P3DFFT++ C++ Reference



Setup and Grid Layout

   grid constructor

P3DFFT++ Transforms

  1D Transforms

   Custom transform types

   Planning 1D Transform

   Executing 1D Transform

   3D Transforms

   trans_type3D constructor

   Transform3D constructor

   Transform3D Execution

   3D Spectral Derivative


For C++ users all P3DFFT++ objects are defined within the p3dfft namespace, in order to avoid confusion with user-defined objects. For example, to initialize P3DFFT++ it is necessary to call the function p3dfft::setup(), and to exit P3DFFT++ one should call p3dfft::cleanup() (alternatively, one can use namespace p3dfft and call setup() and cleanup()). From here on in this document we will omit the implicit p3dfft:: prefix from all C++ names.

Setup and Grid layout

The public portion of the grid class is below.

class grid {


public :

int taskid,numtasks;

int nd; //number of dimensions the volume is split over

int gdims[3]; //Global dimensions

dim_conj_sym; // dimension of the array in which a little less than half of the elements are omitted due to conjugate symmetry. This argument should be non-negative only for complex-valued arrays resulting from real-to-complex FFT in the given dimension.

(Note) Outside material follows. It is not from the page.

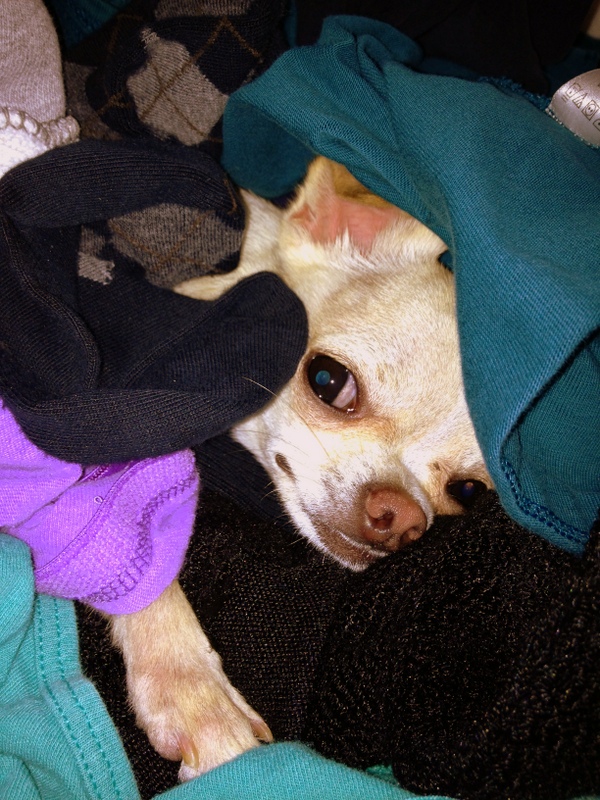 Chihuahuas with a thing for warm laundry, fresh out of the dryer.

int mem_order[3]; //Memory ordering inside the data volume
int ldims[3]; //Local dimensions on THIS processor
int pgrid[3]; //Processor grid
int proc_order[3]; //Ordering of tasks in processor grid, e.g. (1,2,3) : first dimension - adjacent tasks,then second, then third dimension
int P[3]; //Processor grid size (in inverse order of split dimensions, i.e. rows first, then columns etc
int D[3]; //Ranks of Dimensions of physical grid split over rows and columns correspondingly
int L[3]; //Rank of Local dimension (p=1)
int grid_id[3]; //Position of this pencil/cube in the processor grid
int grid_id_cart[3];
int glob_start[3]; // Starting coords of this cube in the global grid
MPI_Comm mpi_comm_glob; // Global MPi communicator we are starting from
MPI_Comm mpi_comm_cart;
MPI_Comm mpicomm[3]; //MPI communicators for each dimension
// int (*st)[3],(*sz)[3],(*en)[3]; // Lowest, size and uppermost location in 3D, for each processor in subcommunicator
int **st[3],**sz[3],**en[3]; // Lowest, size and uppermost location in 3D, for each processor in subcommunicator 

bool is_set;
grid(int gdims_[3],int pgrid_[3],int proc_order_[3],int mem_order[3],
MPI_Comm mpicomm_);
grid(const grid &rhs);
grid() {};
void set_mo(int mo[3]) {for(int i=0;i<3;i++) mem_order[i] = mo[i];};


grid constructor

grid(int gdims[3],int dim_conj_sym,int pgrid[3],int proc_order[3],int mem_order[3],MPI_Comm mpicomm);

Function:Initializes a new grid with specified parameters.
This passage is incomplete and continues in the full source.